代码改变世界

回溯深搜与剪枝初步

2015-04-19 23:31  星星之火✨🔥  阅读(...)  评论(...编辑  收藏

回溯算法也称试探法,一种系统的搜索问题的解的方法,是暴力搜寻法中的一种。回溯算法的基本思想是:从一条路往前走,能进则进。回溯算法解决问题的一般步骤:

  • 根据问题定义一个解空间,它包含问题的解
  • 利用适于搜索的方法组织解空间
  • 利用深度优先法搜索解空间,并且在搜索过程中用剪枝函数避免无效搜索

回溯法采用试错的思想,它尝试分步的去解决一个问题。在分步解决问题的过程中,当它通过尝试发现现有的分步答案不能得到有效的正确的解答的时候,它将取消上一步甚至是上几步的计算,再通过其它的可能的分步解答再次尝试寻找问题的答案。回溯法通常用最简单的递归方法来实现,在反复重复上述的步骤后可能出现两种情况:

  找到一个可能存在的正确的答案

  在尝试了所有可能的分步方法后宣告该问题没有答案

在最坏的情况下,回溯法会导致一次复杂度为指数时间的计算,因此通常只有对小规模输入问题求解的时候采用回溯法,并且用剪枝函数来提速。

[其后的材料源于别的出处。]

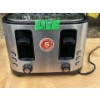 Image 3 : Showtime Rotisserie & BBQ and Double Toaster
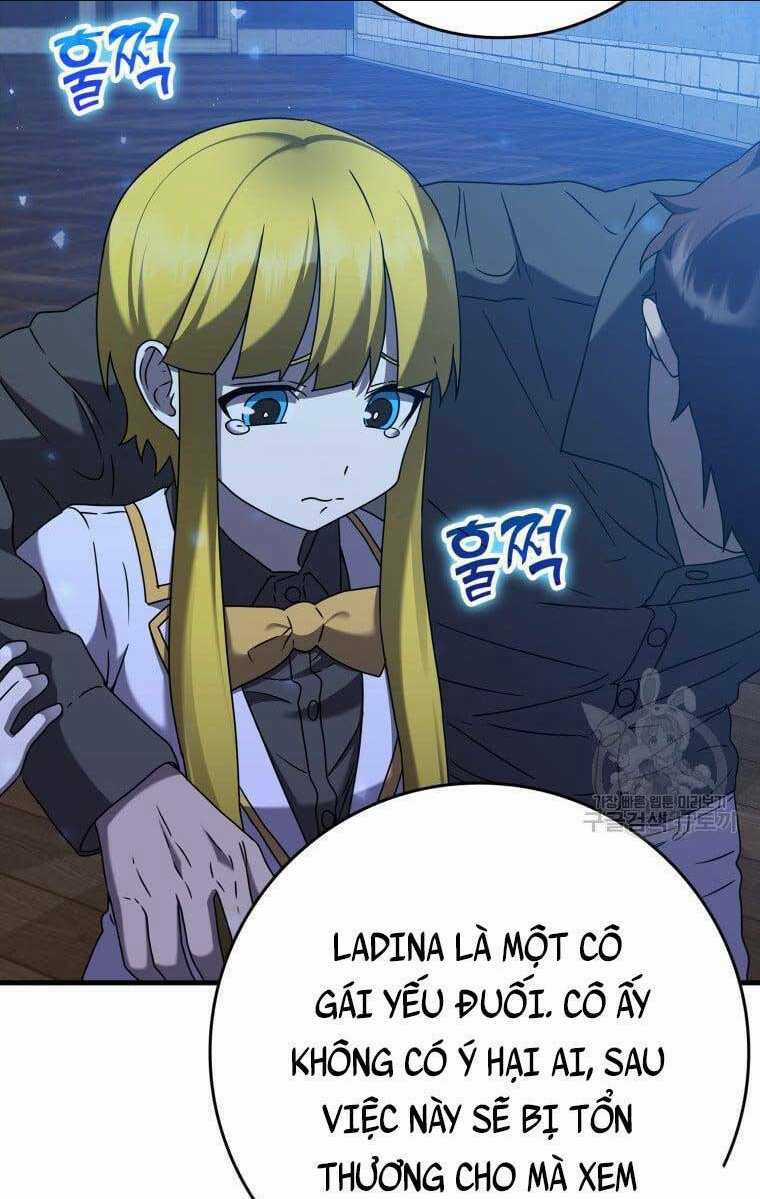 Học Viện Của Con Trai Quỷ Vương Chapter 22 trang 127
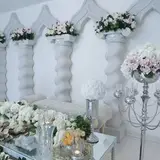 عمارت عقد سياره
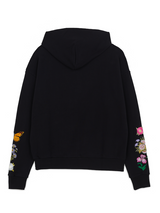 Environment Hoodie V3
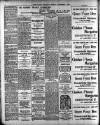 Oxford Chronicle and Reading Gazette Friday 05 November 1909 Page 2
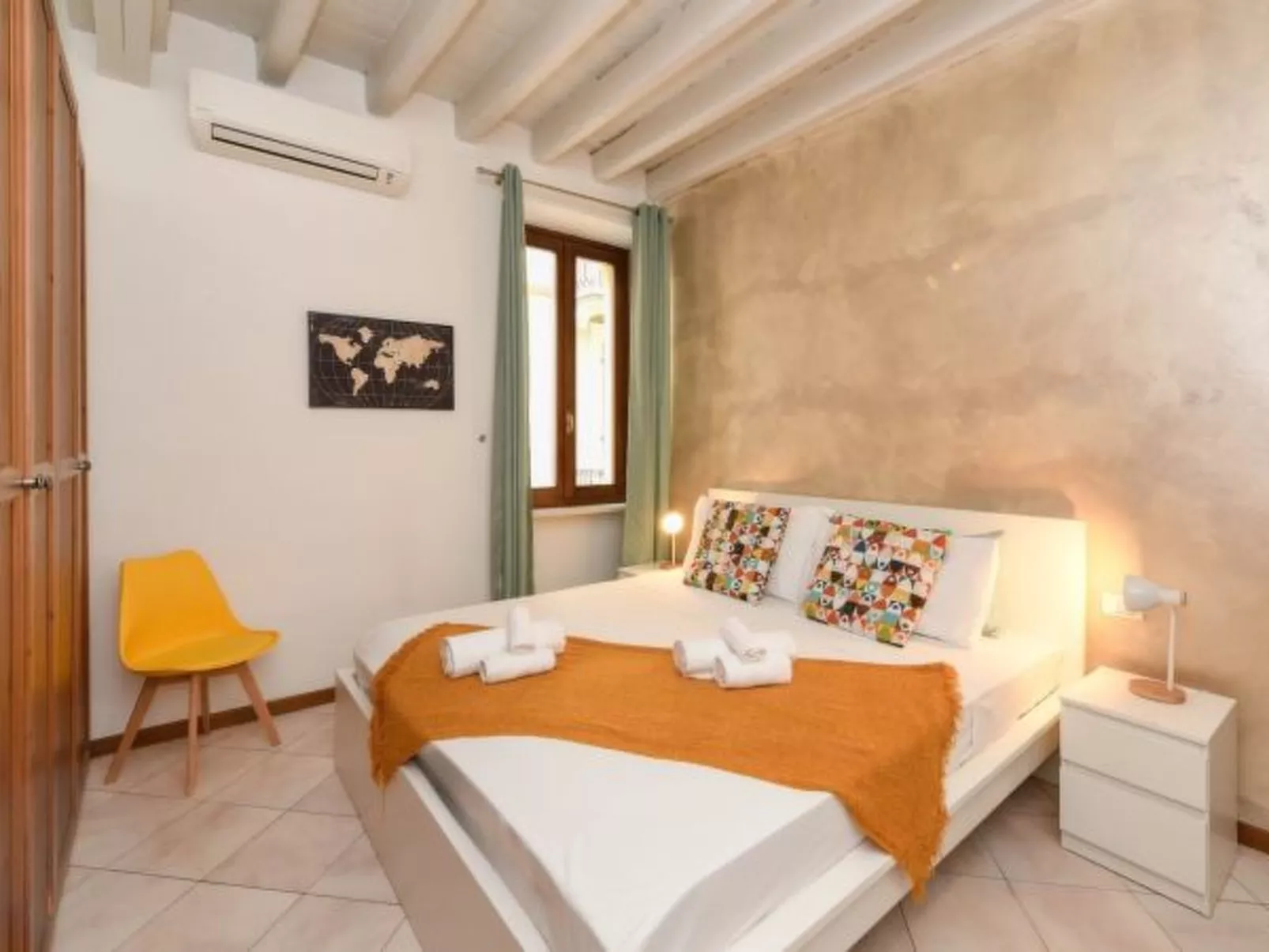 DesenzanoLoft Le Petit Bijou – Renovierung 2025 – Innenstadt - Image-tags.info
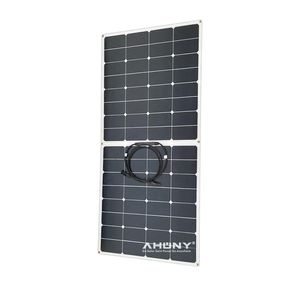 painel fotovoltaico monocristalino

使用了剪枝技术的回溯法是一个即带有系统性又带有跳跃性的搜索算法。回溯法在用来求问题的所有解时,要回溯到根,且根节点的所有子树都已被搜索遍才结束。而如果用来求问题的任一解时,只要搜索到问题的一个解就可以结束。简单的介绍过后,还是看一道暴经典的习题吧,题目取自HDU_1010:Tempter of the Bone

Problem Description
The doggie found a bone in an ancient maze, which fascinated him a lot. However, when he picked it up, the maze began to shake, and the doggie could feel the ground sinking. He realized that the bone was a trap, and he tried desperately to get out of this maze.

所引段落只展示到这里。